Recorded data
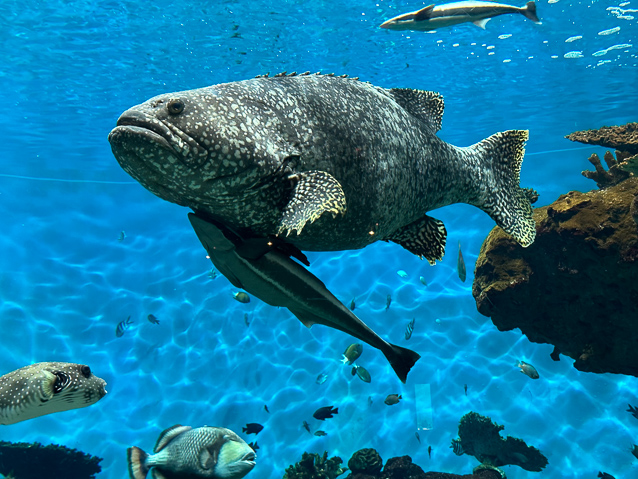 At first I thought this was a fish and a parasite, but later the parasite detached, so I guess its mother and child.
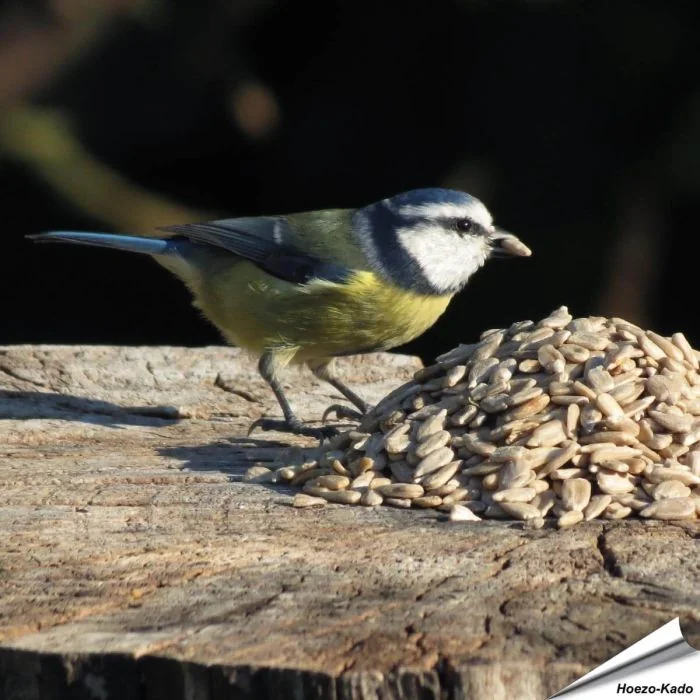 Zonnebloemkernen (gepelde zonnebloempitten) voor vogels ✔️ Veel energie, geen rommel, rijk aan olie en eiwit ✔️ Onkruidvrij ➤ Bestel nu op www.hoezo-kado.nl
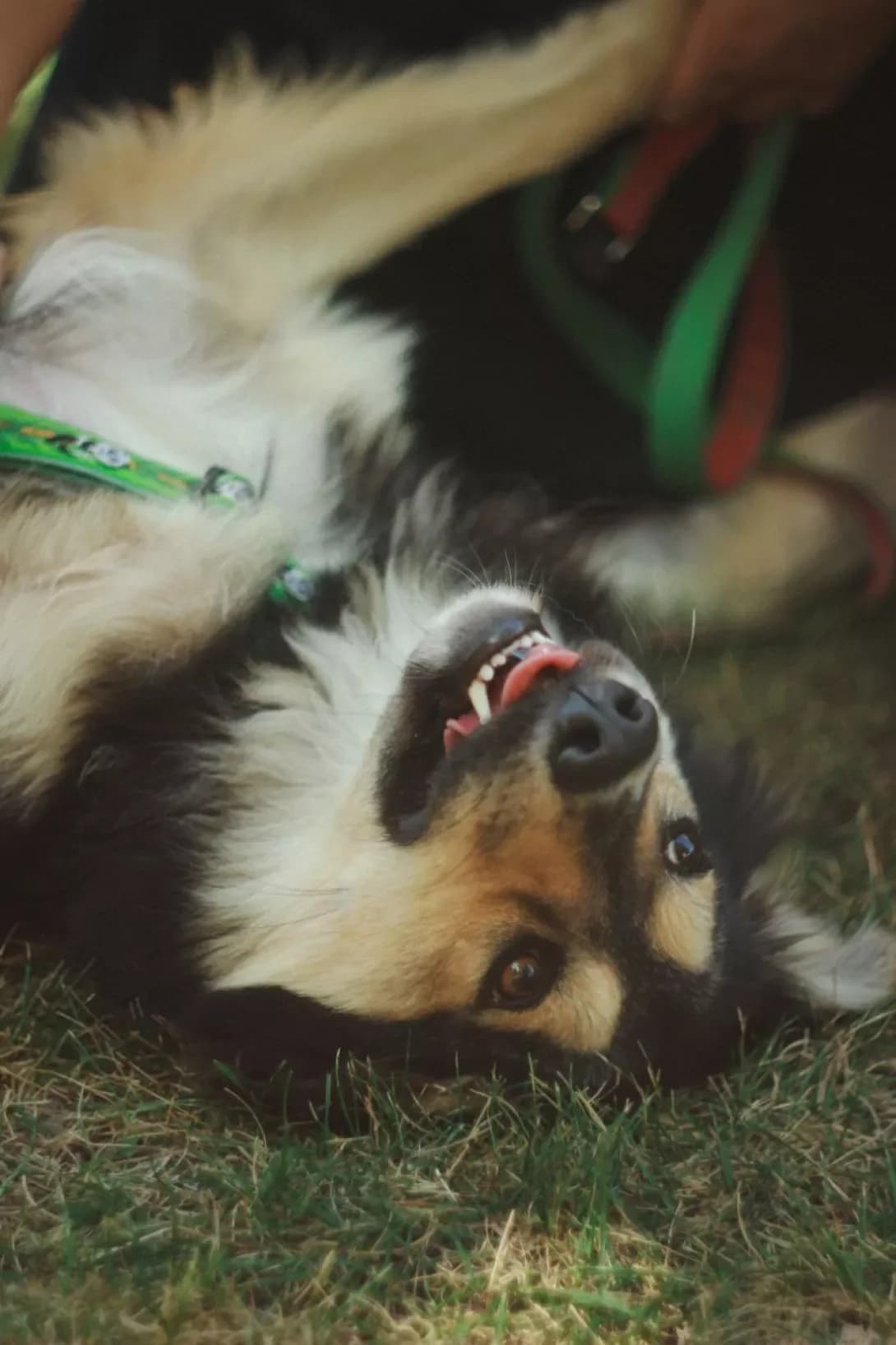Oskar (Оскар), male 3yo Mixed Breed for adoption at Happy Paw Kyiv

Exercise
Make an exact copy of the data, leaving its pictures out.

Exercise answer
 At first I thought this was a fish and a parasite, but later the parasite detached, so I guess its mother and child.
 Zonnebloemkernen (gepelde zonnebloempitten) voor vogels ✔️ Veel energie, geen rommel, rijk aan olie en eiwit ✔️ Onkruidvrij ➤ Bestel nu op www.hoezo-kado.nl
Oskar (Оскар), male 3yo Mixed Breed for adoption at Happy Paw Kyiv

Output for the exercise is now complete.